Before NEWMAN, LOURIE, and SCHALL, Circuit Judges.

SCHALL, Circuit Judge.


DECISION

Nartron Corporation ("Nartron") appeals from the judgment of the United States District Court for the Western District of Michigan, File No. 1:92-CV-156, entered on December 15, 1992. The district court granted Amway Corporation's ("Amway's") motion for summary judgment, holding all claims of U.S. Patent No. 5,089,144 invalid under the on-sale bar provision of 35 U.S.C. § 102(b). The district court's decision is a final decision within the meaning of 28 U.S.C. § 1295, notwithstanding the fact that, at the time this appeal was noticed, the recoverability of attorney fees under 35 U.S.C. § 285 remained undetermined in the district court. See Budinich v. Becton Dickinson and Co., 486 U.S. 196, 199-200, 108 S. Ct. 1717, 1720-21, 100 L. Ed. 2d 178 (1988). Because the district court's decision was premature and there exists a genuine issue of material fact, we vacate the grant of summary judgment and remand the case for further proceedings consistent with this opinion.

DISCUSSION

Nartron is the assignee of U.S. Patent No. 5,089,144 (the " '144 patent"), the application for which was filed on December 8, 1989; the '144 patent was issued on February 18, 1992. The '144 patent relates to end-of-life ("EOL") indicators for carbon filters used in home water treatment systems. On February 28, 1992, Amway filed suit in the district court seeking a declaration that the '144 patent is invalid.

On June 9, 1992, Amway filed a motion for summary judgment on the ground that the '144 patent is invalid because the invention claimed in the patent was on sale more than one year before the filing of the patent application.
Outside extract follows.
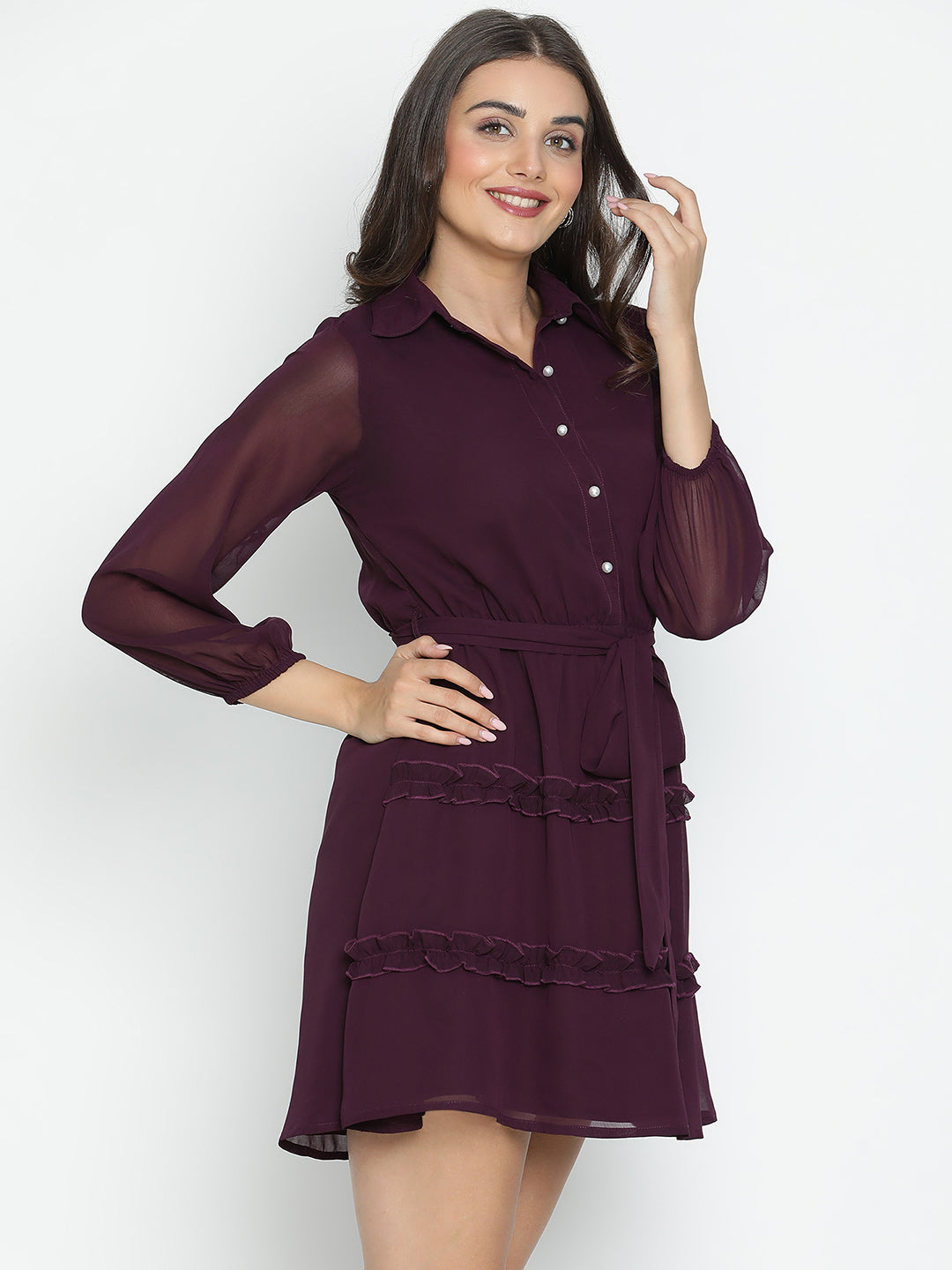 DRAAX FASHIONS Womens Collared Full Sleeves Magenta Knee Length Dress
See 35 U.S.C. § 102(b). Amway alleged that price quotations, which Nartron provided to Amway on September 30 and October 10, 1988, were invalidating offers to sell the patented invention. Amway filed four declarations and various items of documentary evidence in support of its motion.

In its June 29, 1992 response in opposition to the motion, Nartron filed a declaration and a copy of a letter between the parties. Also on June 29, 1992, Nartron filed, pursuant to Rule 56(f), Fed. R. Civ. P., a declaration of its attorney, Robert Tuttle, wherein Mr. Tuttle stated that Amway had provided Nartron with incomplete and evasive responses to discovery requests relating to section 102(b) validity issues. In this declaration Mr. Tuttle also stated:

In order to [sic] Nartron to develop a record in support of its opposition to Amway's motion for summary judgment, it needs to conduct discovery of one or more of the following: Messrs. Richard Pluta, Dennis Kidd and Michael Herblet, and topical Rule 30(b) (6) witness representatives of Amway knowledgeable of the totality of the circumstances in which Nartron furnished prototype and pre-production samples of the end-of-life indicator to Amway prior to December 8, 1988.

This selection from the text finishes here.